2.My Annual Fall/Winter Book Slump – It’s not a habit I’ve consciously decided upon, it just happens. As soon as the weather turns cooler and the rain starts I stop reading. The weather makes me miserable and since I suffer from depression I find it hard to do anything other than exist until the warmer weather returns, so reading becomes a chore.
3. Avoiding Book Recommendations – I do this with all recommendations. If you suggest I should watch a tv show, you can count on me not watching it anytime soon. Same goes for movies, comic books, video games, and books. I don’t know why I do it, but as soon as someone recommends me something I immediately lose all interest.

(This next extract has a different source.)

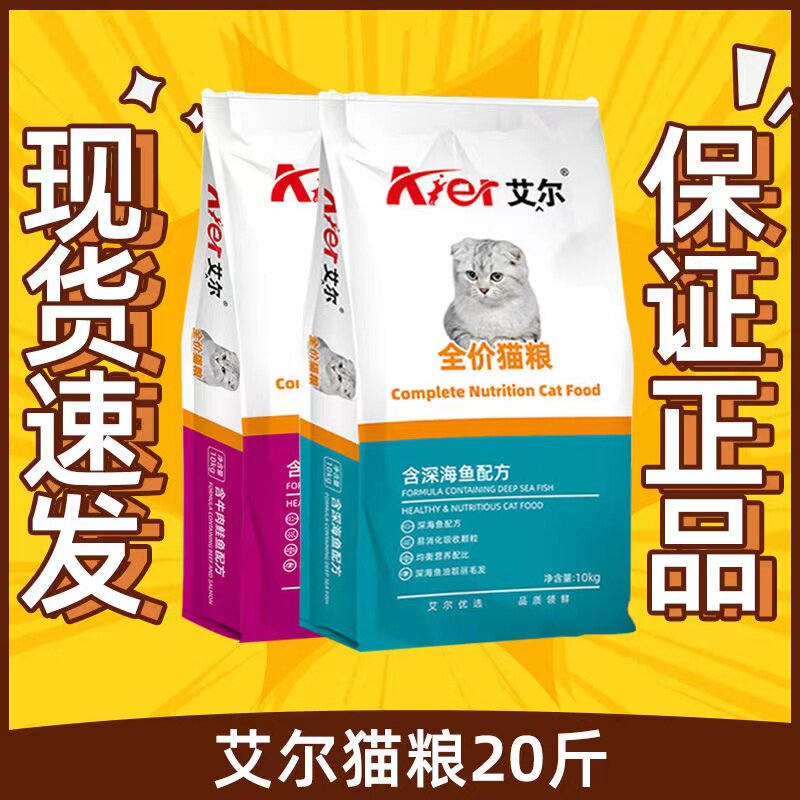 艾尔全价猫粮深海鱼味牛肉鲑鱼味增肥发腮正品10kg包邮全阶段通用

4. Internal Book Snobbery – I would never shame another person for reading what they enjoy, out-loud. My mind goes there quicker than most people can blink though. I hate that it always pops up when a book that is poorly written though entertaining is praised in my presence. I do think reading takes all kinds and it should be celebrated, I encourage people to read whatever they like with no judgment. It’s part of my job, and I make sure people know that when they look for a book. But oh how my mind betrays me. Every time I hear something like “Oh I LOVED Twilight, it’s my favorite book!” or “Hush, Hush was SUCH a great book. I loved the writing” part of my soul shrivels up and dies. My mind will then proceed to list all the books better suited for consumption, while my mouth smiles and tells them other books I know they would actually like. I want that little snob gone.
5. Starting Too Many Books at Once – Watch out for a bored or an apathetic Michelle because she’ll waste more time starting new books trying to match her mood, than she will actually reading the ones already on her nightstand. I do this all the time. It’s why I’m so adept at reading 5 or 6 books at once. It also makes me restless and anxious and it’s generally not good for my mood. I have about 6 started right now.

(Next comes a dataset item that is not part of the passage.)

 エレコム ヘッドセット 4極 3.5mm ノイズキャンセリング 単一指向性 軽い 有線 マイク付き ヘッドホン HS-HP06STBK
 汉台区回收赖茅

6. Constantly Checking Page Numbers or Time Left – I do this without meaning too. I’ll be enjoying myself and then suddenly I’m finding myself counting pages until the next chapter break, or tapping the bottom of my kindle screen to see how much time I have left in the book.
7. Mood Reading – This is an odd one to include, but I really hate that I can’t pick up any book I want to and be able to enjoy it. I have to be in the proper mood or I’ll end up loathing every moment of it even if it is a good book. It really slows my reading down as well. I could probably get through at least 30 more books a year if I didn’t have to spend so much time trying out books only to find out it’s not a good fit for the moment.
8. Interruptions = Super Crabby Michelle – Part of me doesn’t see this as a horrible thing. I mean no one wants to be interrupted when they are really into something, especially if it’s for something super pointless. However I do tend to snap at people or basically treat them like I’ve just seen them kick a puppy when they interrupt me reading for nothing important.
9. Having to Stop on a Chapter Break – I don’t like to stop reading at any other point in a book except on the start of a new chapter. It bothers me and I’m sure the people who interrupt me hate the fact that I ignore them for a few more pages while I get to the next chapter.
10. Avoiding the Last Book in a Series – This isn’t something I do on purpose…but it’s definitely a habit of mine. I have so many series where I only have one book left to get to and I just never do. I own it, I try to read it…and for some reason I just don’t do it. I either get really antsy or my mind tells me it’s bored, despite the fact that I’ve been looking forward to it for ages.